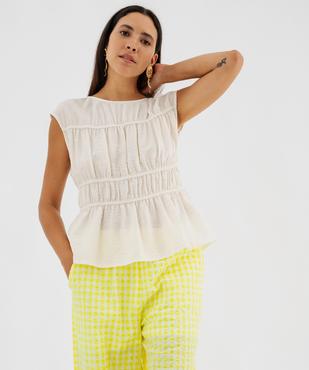 Blouse sans manches en viscose froissé à taille marquée femme vue3 - GEMO 4G FEMME - GEMO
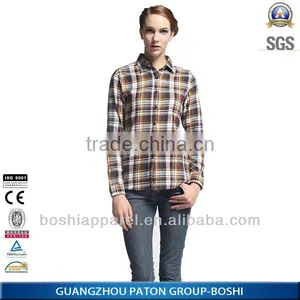 OEM Women Fashion Plaid Fannel Casual Shirt Factory Price thumbnail-4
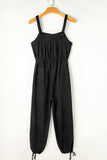Knotted Straps Button Textured Drawstring Jumpsuit - Trendsi - Flyclothing LLC
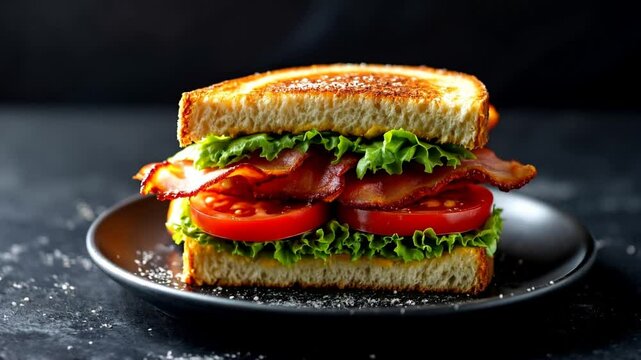 A BLT sandwich with crispy bacon, fresh lettuce and juicy tomatoes on toasted bread.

● **EXERCISE**: From the first line to the last, set down the data exactly, without the pictures.

● **RESULT OF THIS TASK**:
 Blouse sans manches en viscose froissé à taille marquée femme vue3 - GEMO 4G FEMME - GEMO
 OEM Women Fashion Plaid Fannel Casual Shirt Factory Price thumbnail-4
Knotted Straps Button Textured Drawstring Jumpsuit - Trendsi - Flyclothing LLC
 A BLT sandwich with crispy bacon, fresh lettuce and juicy tomatoes on toasted bread.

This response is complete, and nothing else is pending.